30 Juli 2007 | 16 years ago

Waspadai RUU PPN

Bisnis Indonesia

1273 Views

Pekan lalu, DPR menyetujui RUU Cukai untuk disahkan menjadi undang-undang. Dalam RUU itu, definisi barang kena cukai dipertegas.

 

Salah satu karakteristik barang yang akan dikenakan cukai adalah barang yang pemakaiannya perlu pembebanan pungutan negara demi keadilan dan keseimbangan.

 

Definisi ini memang masih sangat umum dan sulit dicerna. Dari penjelasannya, disebutkan yang dimaksudkan dengan "pemakaiannya perlu pembebanan pungutan negara dalam rangka keadilan dan keseimbangan" itu adalah pungutan cukai dapat dikenakan terhadap barang yang dikategorikan sebagai barang mewah dan/ atau bernilai tinggi, namun bukan merupakan kebutuhan pokok, sehingga tetap terjaga keseimbangan pembebanan pungutan antara konsumen yang berpenghasilan tinggi dengan konsumen yang berpenghasilan rendah.

 

Penjelasan pasal itu mengonfirmasi kemungkinan objek cukai bakal bertambah, tidak tiga jenis lagi seperti sekarang, yaitu hasil tembakau, minuman mengandung alkohol, dan ethil-alkohol.

 

Meski demikian, kalangan dunia usaha tidak perlu cemas. Menurut penjelasan DPR, pasal itu justru untuk membantu pengusaha terhindar dari praktik pemajakan berganda yang sering dilakukan pemerintah, yaitu dikenakan cukai sekaligus pajak penjualan atas barang mewah (PPnBM).

 

Masalahnya, komitmen Pansus RUU Cukai itu tidak cukup sampai di situ. Harus ada usaha yang sungguh-sungguh untuk menutup sama sekali peluang dikenakannya pajak berganda.
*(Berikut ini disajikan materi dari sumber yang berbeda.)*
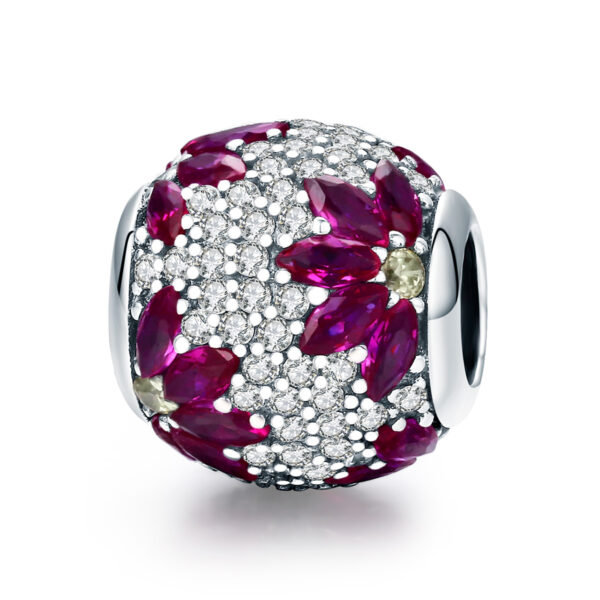 ασημένιο charm 925 με λευκά και μοβ ζιργκόν (ασήμι 925, λαμπερό charm)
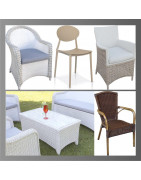 Chairs, armchairs, tables for outdoor use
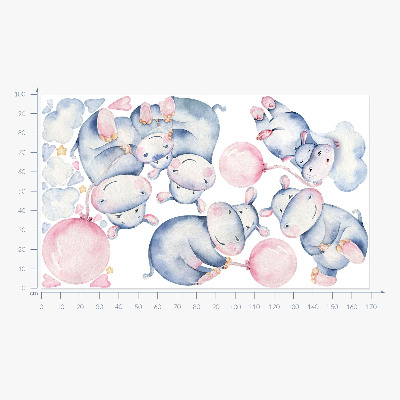 Autocollant mural 100x169 Famille d'hippopotames avec des ballons et des nuages pastel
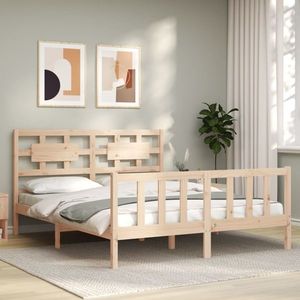 vidaXL Cadru de pat cu tăblie, king size, lemn masiv imagine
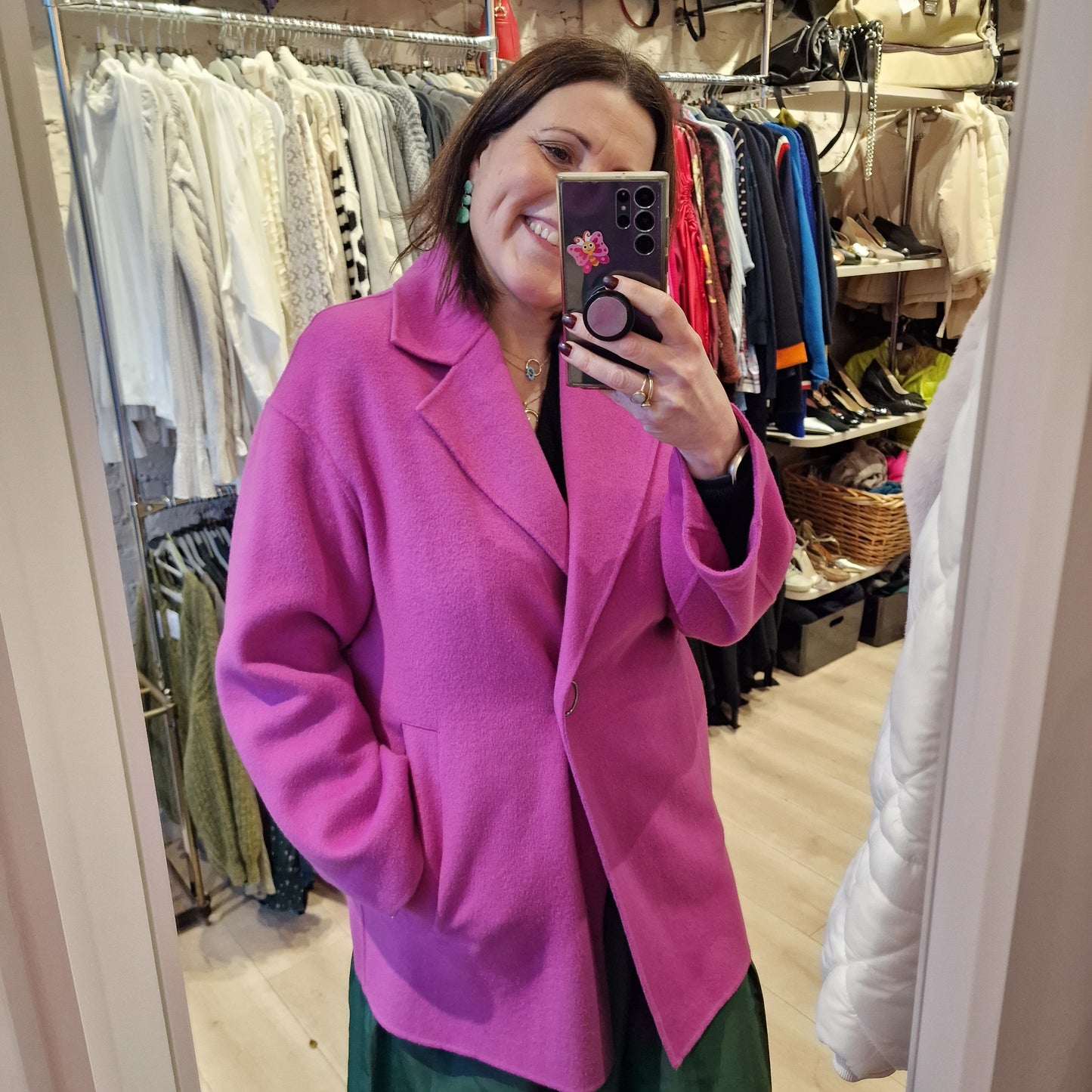 Riani Pink Wool Longline Tailor-Made Wool Jacket, Size UK 12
Sebab jika komitmen itu hanya sebatas pidato, yang terjadi bukan lagi double taxation, tetapi justru triple taxation.

 

Sebab dalam draf RUU Pajak Pertambahan Nilai (PPN), definisi yang sama juga dipakai untuk dasar pengenaan PPnBM. Dengan demikian, sangat mungkin terjadi untuk barang yang tergolong mewah selain bisa dikenakan cukai juga amat mungkin terkena PPnBM.

 

PPnBM dikenakan terhadap penyerahan barang kena pajak yang tergolong mewah yang dilakukan oleh pengusaha yang menghasilkan barang kena pajak yang tergolong mewah tersebut di dalam daerah pabean dalam kegiatan usaha atau pekerjaannya.

 

Alasan yang diusung RUU PPN maupun RUU Cukai hampir sama. Dalam penjelasan RUU PPN disebutkan bahwa pengenaan PPnBM dimaksudkan untuk mengendalikan pola konsumsi serta keseimbangan pembebanan pajak antara konsumen yang berpenghasilan rendah dan konsumen yang berpenghasilan tinggi. Alasan ini juga dipakai dalam RUU Cukai.

 

Bedanya, pengenaan PPnBM mempunyai tujuan yang lebih luas, termasuk di antaranya perlindungan terhadap produsen kecil atau tradisional, dan pengamanan penerimaan negara.

 

Dengan kondisi seperti ini para pengusaha, terutama Kadin Indonesia, harus bisa membujuk DPR agar dalam RUU PPN, secara eksplisit ditegaskan barang-barang yang sudah dikenakan cukai tidak dikenakan lagi PPnBM.

 

Masuk dalam salah satu definisi objek pajak saja sudah terbayang sulitnya, apalagi bila masuk menjadi definisi objek dua pajak sekaligus. Sebab tarif PPnBM bukan main besarnya. Pada UU yang berlaku sekarang, tarif PPnBM sebesar 10%-75%. Namun, dalam draf RUU-nya tarif naik sebesar 10%-200%.

 

Pekan-pekan ini saat terbaik untuk melakukan pendekatan ke berbagai kalangan yang menjadi pemangku kepentingan (stakeholder). Dengan demikian, saat RUU PPN dibahas, mungkin bulan depan, dunia usaha bisa memberikan masukan yang lengkap dan menyeluruh terhadap masalah ini.

 

Jangan sampai lepas dari mulut buaya, tetapi terperosok ke dalam kandang serigala dan singa sekaligus.